Goal of the exercise ▸
Beginning at the first line of the data, print each line exactly, stopping after the line that contains "recently I went".

________________

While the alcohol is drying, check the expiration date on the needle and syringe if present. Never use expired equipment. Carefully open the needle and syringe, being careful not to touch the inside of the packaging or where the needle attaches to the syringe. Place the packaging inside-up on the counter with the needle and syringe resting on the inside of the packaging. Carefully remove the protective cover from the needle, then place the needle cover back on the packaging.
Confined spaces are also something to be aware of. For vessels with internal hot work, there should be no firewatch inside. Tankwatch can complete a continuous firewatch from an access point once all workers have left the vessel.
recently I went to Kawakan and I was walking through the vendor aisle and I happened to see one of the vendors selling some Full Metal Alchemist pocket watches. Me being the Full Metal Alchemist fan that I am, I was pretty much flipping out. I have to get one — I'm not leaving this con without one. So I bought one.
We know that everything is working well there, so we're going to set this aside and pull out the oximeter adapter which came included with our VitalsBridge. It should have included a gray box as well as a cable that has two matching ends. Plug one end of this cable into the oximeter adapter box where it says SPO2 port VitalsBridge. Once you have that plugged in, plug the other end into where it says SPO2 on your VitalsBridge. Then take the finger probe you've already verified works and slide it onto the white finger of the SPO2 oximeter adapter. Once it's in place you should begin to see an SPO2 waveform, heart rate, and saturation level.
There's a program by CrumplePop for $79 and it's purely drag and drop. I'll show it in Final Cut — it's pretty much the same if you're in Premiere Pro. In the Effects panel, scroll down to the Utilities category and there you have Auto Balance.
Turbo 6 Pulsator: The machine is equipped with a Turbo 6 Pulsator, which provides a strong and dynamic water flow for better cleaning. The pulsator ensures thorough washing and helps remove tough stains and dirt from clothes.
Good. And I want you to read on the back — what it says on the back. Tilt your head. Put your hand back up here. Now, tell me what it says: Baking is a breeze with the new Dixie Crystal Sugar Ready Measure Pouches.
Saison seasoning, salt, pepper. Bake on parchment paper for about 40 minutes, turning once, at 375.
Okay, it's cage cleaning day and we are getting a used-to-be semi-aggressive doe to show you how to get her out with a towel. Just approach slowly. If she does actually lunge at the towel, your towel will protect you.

________________

Answer box ▸
While the alcohol is drying, check the expiration date on the needle and syringe if present. Never use expired equipment. Carefully open the needle and syringe, being careful not to touch the inside of the packaging or where the needle attaches to the syringe. Place the packaging inside-up on the counter with the needle and syringe resting on the inside of the packaging. Carefully remove the protective cover from the needle, then place the needle cover back on the packaging.
Confined spaces are also something to be aware of. For vessels with internal hot work, there should be no firewatch inside. Tankwatch can complete a continuous firewatch from an access point once all workers have left the vessel.
recently I went to Kawakan and I was walking through the vendor aisle and I happened to see one of the vendors selling some Full Metal Alchemist pocket watches. Me being the Full Metal Alchemist fan that I am, I was pretty much flipping out. I have to get one — I'm not leaving this con without one. So I bought one.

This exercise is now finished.